In the present study, we found that (+)-(S)-bakuchiol and (−)-(R)-bakuchiol (a synthetic enantiomer that does not occur naturally; Fig. 1A) inhibited influenza A H1N1 viral infection and growth in Madin-Darby canine kidney (MDCK) cells and also reduced the expression of viral mRNAs and proteins. They reduced the induction of interferon-β (IFN-β) and myxovirus-resistant protein 1 (Mx1) mRNAs by the influenza A virus. (+)-(S)-Bakuchiol showed stronger antiviral activities than (−)-(R)-bakuchiol, indicating that the steric structure was important for these activities. We used an influenza A virus minigenome assay employing a Dual-Luciferase system to analyze mRNA and protein levels, and this unexpectedly revealed that bakuchiol induced host factors that inhibited firefly and Renilla luciferases. Next generation sequencing (NGS) and KeyMolnet analysis revealed an up-regulation of transcriptional regulation by the nuclear factor erythroid 2-related factor (Nrf) pathway, and a Nrf2 reporter assay showed that (+)-(S)-bakuchiol activated Nrf2. Reverse transcription quantitative polymerase chain reaction (RT-qPCR) analyses showed that bakuchiol up-regulated mRNA expression of NAD(P)H quinone oxidoreductase 1 (NQO1) and glutathione S-transferase A3 (GSTA3); these are Nrf2-induced oxidative stress-responsive genes. Taken together, these results indicated that bakuchiol produced novel anti-influenza effects by targeting processes involved in the host oxidative stress response.
Experimental Procedures
Preparation of (+)-(S)-Bakuchiol and (−)-(R)-Bakuchiol
(+)-(S)-Bakuchiol and (−)-(R)-bakuchiol were chemically synthesized from geranic acid and purified using methods reported previously (19). Their chemical structures are shown in Fig. 1A. Stock solutions (10 mm) were formed by dissolving these compounds in dimethyl sulfoxide (DMSO).
Cells
MDCK cells were cultured in growth medium: high-glucose Dulbecco's modified Eagle's medium (DMEM; Wako, Osaka, Japan) supplemented with 10% fetal bovine serum (FBS; Life Technologies, Inc.); 50 units/ml penicillin and 50 μg/ml streptomycin (Life Technologies); and 4 mm l-glutamine, at 37 °C in the presence of 5% CO2.
Viral Strains
This study used three strains of influenza A virus: Puerto Rico 8/34 (A/PR/8/34; H1N1), California 7/09 (A/CA/7/09; H1N1), and Aichi 2/68 (A/Aichi/2/68; H3N2). The viral titers were determined by immunostaining the influenza A viral nucleoprotein (NP), as described previously (26, 27).

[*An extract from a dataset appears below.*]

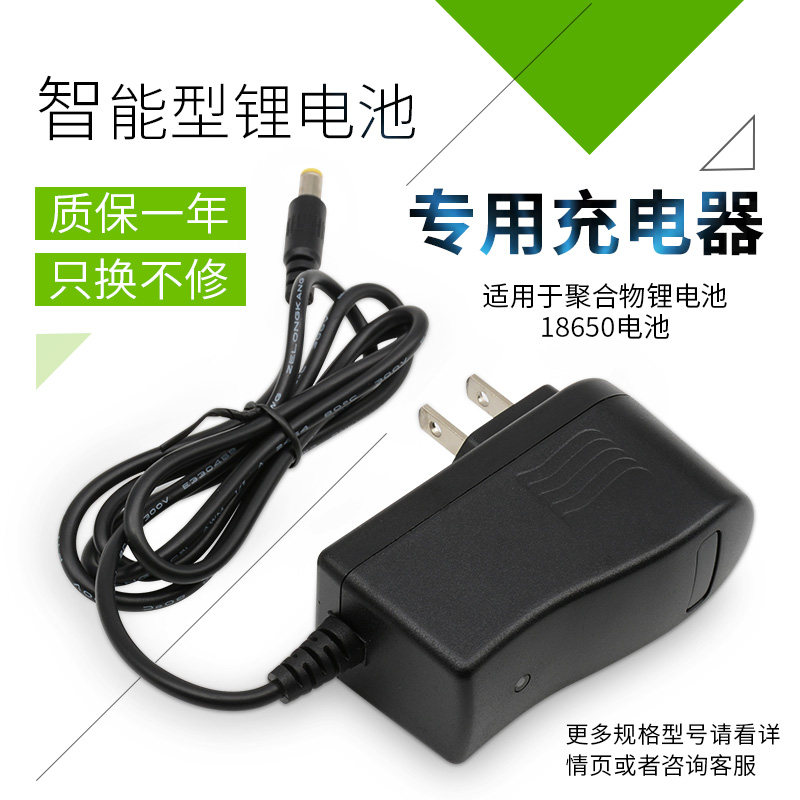 锂电池智能型专用充电器12v4.2v8.4v24v快充欧规英规充电器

Analysis of the Effects of Influenza A Virus on MDCK Viability Using Naphthol Blue Black
MDCK cells were seeded in a 96-well plate (1 × 104 cells/well). (+)-(S)-Bakuchiol or (−)-(R)-bakuchiol (0.8–100 μm in DMSO) was mixed with an influenza A virus strain (A/PR/8/34, A/CA/7/09, or A/Aichi/2/68) in the growth medium at a multiplicity of infection (MOI) of 10 and then incubated for 30 min at 37 °C under 5% CO2. The mixture was added to the cells, and the treated cells were incubated for 4 days at 37 °C under 5% CO2. After incubation, the cells were fixed using 10% formaldehyde in phosphate-buffered saline (PBS). The viable cells were then stained with a naphthol blue black solution (0.1% naphthol blue black, 0.1% sodium acetate, and 9% acetic acid) as described previously (28).
Thiazolyl Blue Tetrazolium Bromide (MTT) Assay
The toxicities of (+)-(S)-bakuchiol and (−)-(R)-bakuchiol toward MDCK cells were determined using an MTT cell proliferation assay kit, according to the manufacturer's instructions (Cayman). Briefly, MDCK cells were seeded in each well of a 96-well plate (1 × 104 cells/well). Marchantin E (ME) was used as a positive control for anti-influenza viral activity (27, 28). (+)-(S)-Bakuchiol, (−)-(R)-bakuchiol, or ME (12.5–100 μm) was prepared in DMSO (100 μm, 1%; 50 μm, 0.5%; 25 μm, 0.25%; 12.5 μm, 0.125%) and mixed with infection medium (DMEM supplemented with 1% bovine serum albumin (BSA; Wako, Osaka, Japan), 50 units/ml penicillin, 50 μg/ml streptomycin, and 4 mm l-glutamine). The mixture was added to the cells, and the treated cells were incubated for 24 or 96 h at 37 °C under 5% CO2. After incubation, the cells were treated with the MTT reagent and incubated for 4 h at 37 °C under 5% CO2. The wells were then treated with crystal-dissolving solution to dissolve the formazan produced by the cells, and the absorbance of each well was measured at 570 nm using a microplate reader. Cell viability was calculated and expressed relative to that of DMSO-treated cells, which was set as 100%.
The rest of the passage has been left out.